Ve li ricordate tutti quegli imprenditori del turismo e dell’agricoltura che hanno trascorso le ultime estati a lamentarsi di quanto, “per colpa del Reddito di cittadinanza”, sia difficile trovare lavoratori? Ebbene, si scopre oggi che in realtà 352 mila beneficiari del sussidio hanno avuto negli ultimi 18 mesi almeno un rapporto di lavoro e una grossa fetta di essi l’ha trovato proprio in quei due settori: oltre 48 mila in bar, ristoranti e alberghi, altri 44 mila nell’agricoltura.
Gli ultimi dati dell’Agenzia per le politiche attive del lavoro (Anpal) smentiscono ancora una volta la tesi – che piace a molta grande stampa – secondo la quale il reddito di cittadinanza spinga chi lo riceve a restare a casa invece che attivarsi per trovare un posto. Tutto sintetizzato nella metafora del divano. Come confermato poche settimane fa dal direttore di Veneto Lavoro, le evidenze dicono il contrario, cioè che queste persone sono pronte ad accettare le proposte, anche le meno appaganti e anche con il rischio di perdere l’aiuto statale. Quando si firma un contratto, infatti, bisogna comunicarlo all’Inps che ricalcola l’importo mensile o addirittura lo revoca se il salario supera la soglia.

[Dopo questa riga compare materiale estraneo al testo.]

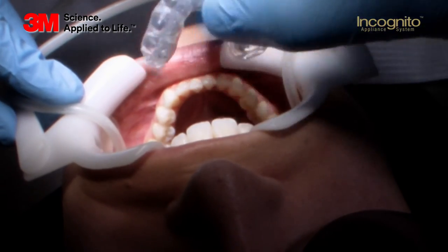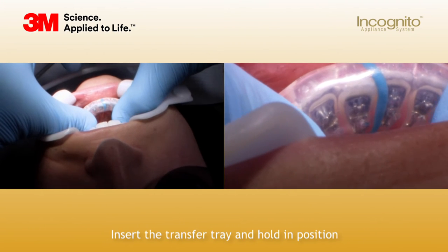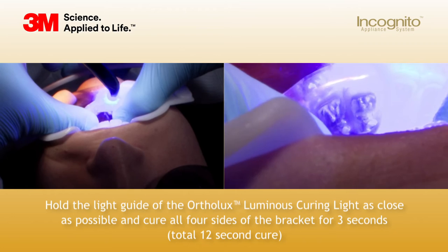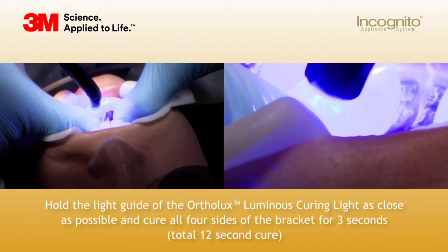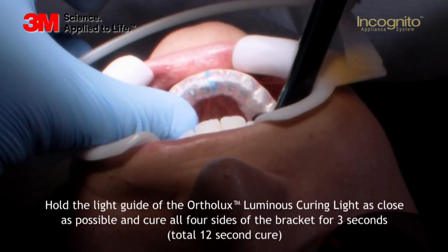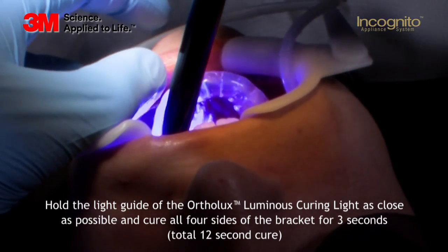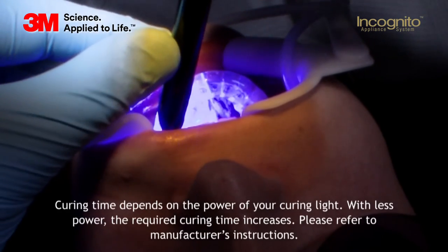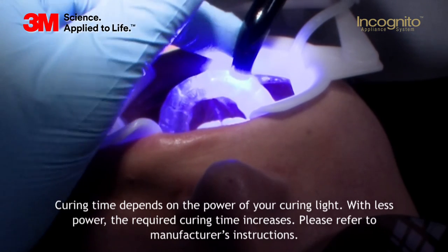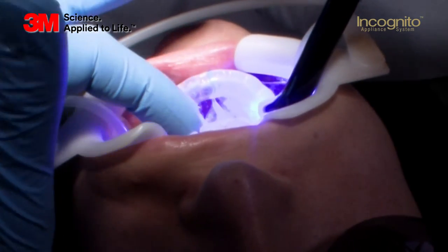I take the tray and put it in the patient's mouth. Verify the fit, push it down, let it settle, and ask your nurse to cure it on the anterior labial surfaces first. You will cure every single angle of the bracket for at least three seconds. After the initial curing, you have the time to go to the premolar area and cure it there as well. Three seconds for every single tooth from each angle. Always make sure that you cure from the labial side to the lingual side, as we have a metal bracket and it's impossible to cure through the metal.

Al momento, su oltre tre milioni di percettori, sono quasi 1,4 milioni quelli obbligati per legge a cercare un’occupazione; gli altri 1,7 milioni, invece, sono tenuti solo a seguire un percorso coi servizi sociali comunali perché i problemi che li hanno spinti nell’indigenza non riguardano il lavoro. Fra i cosiddetti “avviabili” quindi, durante un periodo di crisi occupazionale, il 25,7% è riuscito a ricollocarsi almeno per un breve periodo. Questo non significa però un successo dei centri per l’impiego e dei navigator, poiché non c’è il dato sui posti effettivamente creati grazie alla loro intermediazione. Insomma, in molti casi – verosimilmente due terzi del totale – sono stati gli stessi utenti a trovarsi da soli un lavoro.
Nota bene: non è detto che queste persone ora non abbiano più bisogno del reddito di cittadinanza, per almeno due ragioni. La prima è che nel 65% dei casi si tratta di contratti a tempo determinato, inferiori a sei mesi di durata per la gran parte: al 31 ottobre solo 193 mila risultavano ancora attivi, tutti gli altri sono tornati disoccupati. Difficile che un lavoro a termine basti a uscire dalle difficoltà economiche. La seconda è che quasi sempre i ruoli offerti a queste persone dalle imprese richiedono basse qualifiche e prevedono, quindi, bassi stipendi.
A giugno la ministra dell’Agricoltura Teresa Bellanova e il presidente dell’Emilia Romagna Stefano Bonaccini chiedevano di poter utilizzare nelle campagne chi prende il reddito per “sdebitarsi” con lo Stato del sostegno ricevuto. Un appello inutile, a quanto pare, visto che questi erano già disposti a lavorare nelle raccolte, bastava assumerli con regolare contratto.
Proprio i lavoretti stagionali di questa estate, peraltro, sembrano quelli che hanno permesso di compiere lo scatto in avanti nei numeri: mentre al 7 luglio i beneficiari del reddito con un lavoro erano 196 mila, nei successivi quattro mesi sono quasi raddoppiati, e tutto questo mentre l’emergenza Covid ha tramortito la domanda di lavoro. Resterà deluso anche chi pensa che i fannulloni dimorino prevalentemente nel Mezzogiorno: in Campania hanno trovato un posto in 61 mila, in Sicilia 54 mila, in Puglia 37 mila.
Ieri il presidente Anpal Mimmo Parisi, nonostante non ci sia correlazione evidente nei dati, parlando in commissione Lavoro alla Camera ha proposto una proroga di un anno per i navigator (che scadono ad aprile): “Potremmo utilizzare i 65 milioni di euro che sono avanzati”, ha detto. Ne è nato un botta e risposta a distanza con Matteo Renzi, che ha parlato di “follia” e ha chiesto di nuovo le dimissioni di Parisi.
Curiosamente, durante questo siparietto, sotto il ministero del Lavoro andava in scena l’ennesimo sciopero dei precari proprio dell’Anpal servizi, che chiedono da anni la stabilizzazione.